The British Lung Foundation in Scotland said care standards for those with the condition have still to be met in many parts of the country.
The call comes after the Scottish government launched its new standards of care policy earlier this year.
Lung diseases, like emphysema and bronchitis, kill more people than breast, bowel or prostate cancer.
The British Lung Foundation in Scotland said that plans to create a "gold star service" for people with lung disease were under threat.
The charity warned that the traditional "Cinderella status" of lung disease could mean thousands of people never benefit from proposals for better support.
Rates of chronic obstructive pulmonary disease, the term used for these conditions, is rising fast due to smoking and Scotland's heavy industrial past which exposed thousands of workers to toxins.
Ex-smoker Hilda Hill was diagnosed four years ago.
She said: "My mouth started to swell up and I was rushed into hospital.
"You can't breathe. Your chest is tight. It really frightened me.
"I wasn't well, I was in hospital for a fortnight."
Hilda was referred to a rehabilitation service in Dumfries and Galloway.
'Control my temper'
Specialist physiotherapists there work with COPD sufferers to improve their lung function through gentle exercise.
Robert Cameron, 60, was diagnosed with lung disease last year after a lifetime working in the demolition industry.
He says the rehab classes in Dumfries have not only improved his condition, they have saved his marriage.
"There's no cure but I've learned how to cope with it and how to control my breathing and how to control my temper, because the biggest problem was frustration.
"I wasn't able to do things I knew I could do. At one point I was taking it out on my wife, but it wasn't her fault."
In March, the Scottish government published new standards of care for people with chronic obstructive pulmonary disease, which recommended this kind of rehabilitation class for all sufferers.

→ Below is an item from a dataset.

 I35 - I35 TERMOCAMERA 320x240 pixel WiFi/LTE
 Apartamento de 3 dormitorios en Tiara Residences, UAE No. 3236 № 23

It would have resulted in the best COPD service in the UK, but so far many health boards have failed to implement it.
Dr James Cant, head of the British Lung Foundation in Scotland is concerned that with cuts on the way, health boards will continue to ignore rehabilitation.
He says that would be a false economy.
"This service delivers value for money twice over.
"It's a win for the people themselves because it gives them a greater sense of freedom, and it's a huge win for the NHS because this is the single most important thing we can do to help people with lung conditions stay out of hospital, but for many generations respiratory medicine has been a Cinderella service."
Chronic lung disease is the second most common reason for admission to accident and emergency in Scotland.
Since coming to classes, Robert Cameron hasn't needed any emergency care and Hilda Hill has been admitted only once.
"It really started getting me breathing properly. I don't think it ever goes, but coming here gives you a new lease of life," said Robert.
Dr Cant says "This should be the standard across Scotland now.
"What we have here in Dumfries and Galloway is an example of what happens when it's done incredibly well.
"The voluntary sector, central government, local government and health boards need to work together to make sure as many places as possible around Scotland have this quality of pulmonary rehab."
A spokesperson for the Scottish government said. "The Healthcare Quality Strategy emphasises our commitment to delivering safe and effective care to all patients and the Scottish government attaches great importance to ensuring that people living with respiratory conditions have access to the care and support they need."